__INSTRUCTIONS TO FOLLOW__
Your response should reproduce every line of the entries that contains the word "Size".

-- Opening Marker --

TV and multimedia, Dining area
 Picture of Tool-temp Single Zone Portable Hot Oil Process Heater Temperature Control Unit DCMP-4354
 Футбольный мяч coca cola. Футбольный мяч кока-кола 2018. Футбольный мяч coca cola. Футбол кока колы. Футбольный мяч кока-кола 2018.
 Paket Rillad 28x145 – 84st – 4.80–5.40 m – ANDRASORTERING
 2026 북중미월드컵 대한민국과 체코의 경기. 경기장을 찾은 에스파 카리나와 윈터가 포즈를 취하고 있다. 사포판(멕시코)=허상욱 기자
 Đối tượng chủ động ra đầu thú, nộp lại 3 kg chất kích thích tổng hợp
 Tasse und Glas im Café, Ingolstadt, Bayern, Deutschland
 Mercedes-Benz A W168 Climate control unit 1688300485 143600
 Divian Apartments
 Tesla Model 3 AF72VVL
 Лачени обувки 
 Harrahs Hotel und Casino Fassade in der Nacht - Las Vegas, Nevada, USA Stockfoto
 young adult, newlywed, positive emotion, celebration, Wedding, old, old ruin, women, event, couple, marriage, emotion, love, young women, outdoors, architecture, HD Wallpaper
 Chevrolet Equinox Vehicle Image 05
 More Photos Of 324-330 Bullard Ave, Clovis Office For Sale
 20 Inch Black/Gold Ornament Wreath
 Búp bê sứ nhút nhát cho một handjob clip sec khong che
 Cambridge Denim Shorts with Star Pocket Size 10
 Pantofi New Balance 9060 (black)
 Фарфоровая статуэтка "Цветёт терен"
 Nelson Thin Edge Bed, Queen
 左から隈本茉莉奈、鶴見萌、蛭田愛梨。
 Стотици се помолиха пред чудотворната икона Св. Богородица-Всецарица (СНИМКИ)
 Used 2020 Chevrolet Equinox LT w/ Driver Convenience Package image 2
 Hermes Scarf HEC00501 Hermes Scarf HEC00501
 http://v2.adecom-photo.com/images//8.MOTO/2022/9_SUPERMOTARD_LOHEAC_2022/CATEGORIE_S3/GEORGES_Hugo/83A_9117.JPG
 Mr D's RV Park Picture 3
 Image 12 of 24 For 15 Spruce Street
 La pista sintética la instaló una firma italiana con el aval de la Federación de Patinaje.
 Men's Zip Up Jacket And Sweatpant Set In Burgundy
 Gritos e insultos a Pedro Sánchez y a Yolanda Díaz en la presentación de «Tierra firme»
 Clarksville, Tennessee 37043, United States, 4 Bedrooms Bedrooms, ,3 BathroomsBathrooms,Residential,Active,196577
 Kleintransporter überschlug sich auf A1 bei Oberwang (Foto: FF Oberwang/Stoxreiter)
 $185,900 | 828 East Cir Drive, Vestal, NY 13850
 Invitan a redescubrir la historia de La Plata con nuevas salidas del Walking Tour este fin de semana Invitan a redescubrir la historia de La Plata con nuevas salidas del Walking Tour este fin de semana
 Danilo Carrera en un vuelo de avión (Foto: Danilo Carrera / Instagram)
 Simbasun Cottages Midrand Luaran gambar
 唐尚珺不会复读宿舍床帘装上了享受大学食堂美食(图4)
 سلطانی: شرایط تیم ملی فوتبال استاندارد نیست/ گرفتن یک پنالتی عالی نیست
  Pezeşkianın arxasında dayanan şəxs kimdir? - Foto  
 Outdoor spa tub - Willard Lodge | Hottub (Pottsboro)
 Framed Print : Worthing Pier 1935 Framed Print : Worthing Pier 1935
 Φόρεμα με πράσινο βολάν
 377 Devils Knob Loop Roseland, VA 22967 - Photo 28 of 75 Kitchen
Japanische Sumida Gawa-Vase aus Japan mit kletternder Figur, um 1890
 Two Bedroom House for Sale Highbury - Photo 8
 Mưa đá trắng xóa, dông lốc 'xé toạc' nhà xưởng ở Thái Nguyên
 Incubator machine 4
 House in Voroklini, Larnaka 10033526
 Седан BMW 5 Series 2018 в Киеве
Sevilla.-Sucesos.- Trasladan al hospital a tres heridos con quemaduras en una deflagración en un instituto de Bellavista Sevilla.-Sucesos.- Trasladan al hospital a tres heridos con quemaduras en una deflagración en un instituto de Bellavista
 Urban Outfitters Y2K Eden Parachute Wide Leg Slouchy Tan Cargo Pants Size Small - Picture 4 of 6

-- Closing Marker --

__OUTPUT FOR THIS TASK__
 Cambridge Denim Shorts with Star Pocket Size 10
 Urban Outfitters Y2K Eden Parachute Wide Leg Slouchy Tan Cargo Pants Size Small - Picture 4 of 6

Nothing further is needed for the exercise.